Entity Resolution for the Cyber Domain

The foundational level of situation awareness lies in perception of the surrounding environment. In cyberspace, this relates to an ability to enumerate and identify elements of the cyber terrain, particularly, network-connected devices that are employed to accomplish a user’s goals. These devices emit a plethora of signals in network traffic and server logs as they negotiate for services, but they do not share consistent features in those signals that make it straightforward to uniquely identify which hosts are active over a period of interest. We present a cyber Entity Resolution (ER) approach and blocking technique designed to bridge this gap. The technique is based on the construction and comparison of periodic snapshots of collections of “host segments,” that are built up from multiple log files. We present results from an open dataset in a cyber situation awareness prototype, BitBook, that visualizes the host segments generated from parsed network traffic over an observation window, and we briefly discuss its efficacy at discovering hosts in that experiment. We also describe a supervised machine learning approach to assist in ER of hosts between two snapshot collections of host segments. We perform an experiment using server logs from a larger enterprise network to resolve hosts between snapshots taken 15 minutes apart and one day apart; in the worst case, only 4 false positives and 24 false negatives were incorrectly associated among nearly 12K correctly labeled hosts.

1. Introduction

Properly resolving entities in the cyber domain is a necessary condition for enumerating and identifying elements of the cyber terrain. An enduring assumption in cybersecurity research is that if we could obtain full visibility into the network and efficiently sift through the resulting data, we would be able to identify evidence of unexpected or unwanted activity. Full visibility requires a wide array of sensors deployed all over the network and spanning the physical and logical layers of the system. Data from different sensors can only be used in concert if we are able to associate occurrences of common events or entities.

2. Entity Resolution

Entity Resolution is the practice of finding and linking records of the same underlying entity across data sets. This problem is widely recognized and actively researched in other domains such as Homeland Security and epidemiology but has been less formally acknowledged in cybersecurity. It is a problem of considerable importance because without ER, the number of entities is artificially magnified. In cybersecurity, this translates to a perceived increase of the attack surface. More importantly, there is no way to associate observations made at different times and places on different sensors, limiting the available evidence to a strictly local set of observations. Entity Resolution is what enables multi-modal analysis of disparate data sources.

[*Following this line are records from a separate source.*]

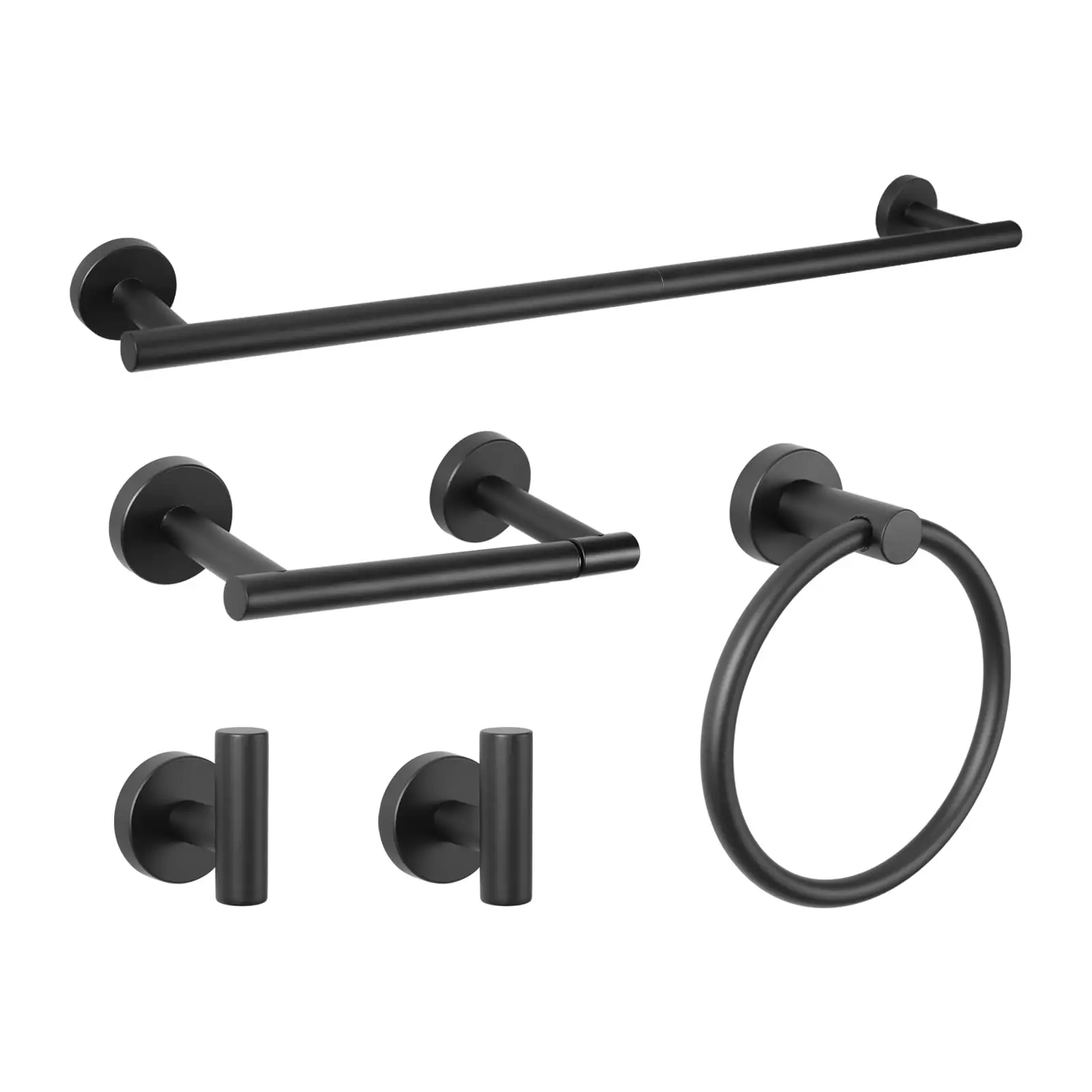 5-Piece Matte Black Bathroom Hardware Set: Wall-Mounted Towel Bars, Ring, And Dual Robe Hooks, Stainless Steel Construction
5-Piece Matte Black Bathroom Hardware Set: Wall-Mounted Towel Bars, Ring, And Dual Robe Hooks, Stainless Steel Construction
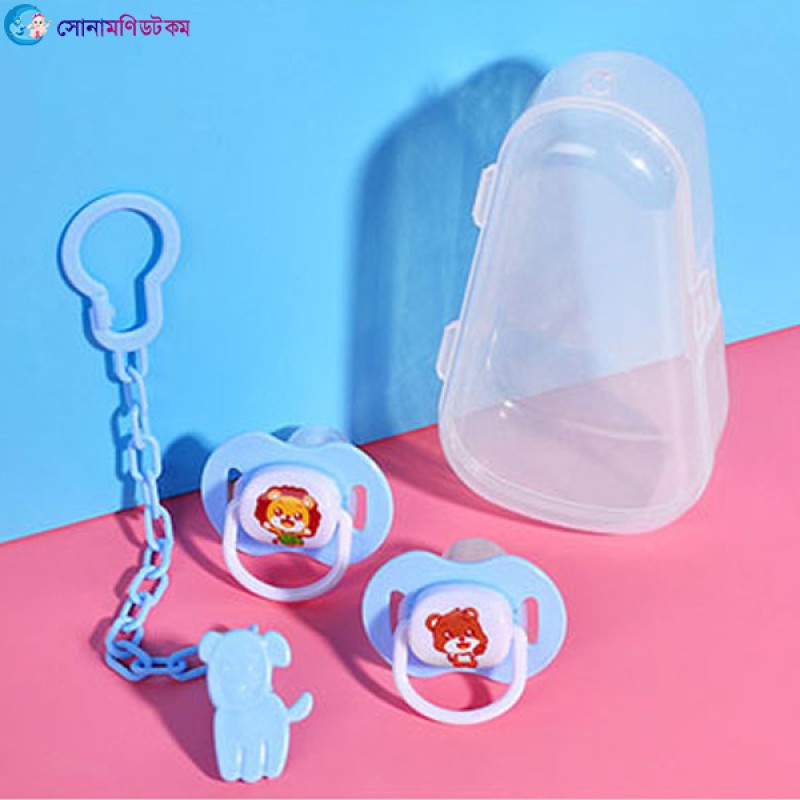Baby Silicone Pacifier Teather With Box-Blue Color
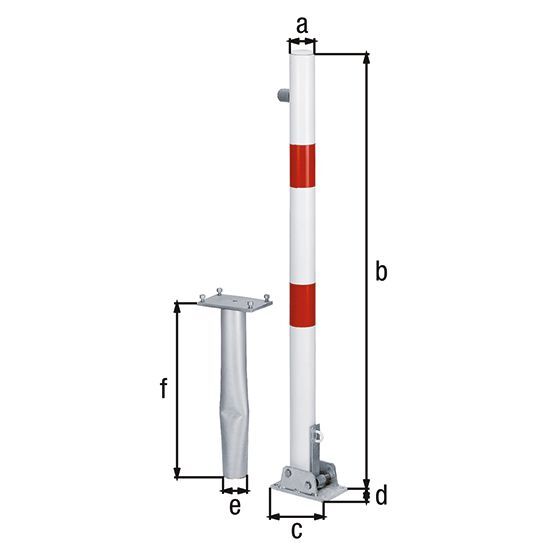 Alberts Absperrpfosten Locky-Bo umlegb., m. Vorhängeschloß z. Einb., Pf.70x70mm Produktbild Alberts Absperrpfosten Locky-Bo umlegb., m. Vorhängeschloß z. Einb., Pf.70x70mm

The contributions of this paper are:

  • A formal problem statement for ER in the cyber domain.
  • An approach to incorporate ER into a larger security process.
  • A preliminary implementation to demonstrate the blocking concepts of host segments.
  • A roadmap for refining the techniques for future deployment.

3. The Entity Resolution Problem

Entity Resolution is the process of disambiguating and linking data records to real-world individuals or entities. In the intelligence community, for example, tracking a potential threat actor requires identifying aliases used by the individual in the real and online worlds (e.g., passports and usernames), and attributing the activities and assets assumed under these aliases back to the individual (e.g., messages, bank accounts, and cell phones). Because names are often not unique, ER must also be able to distinguish observations of multiple individuals with similar or identical names. Finally, real-world applications of ER must be able to tolerate clerical errors and missing data.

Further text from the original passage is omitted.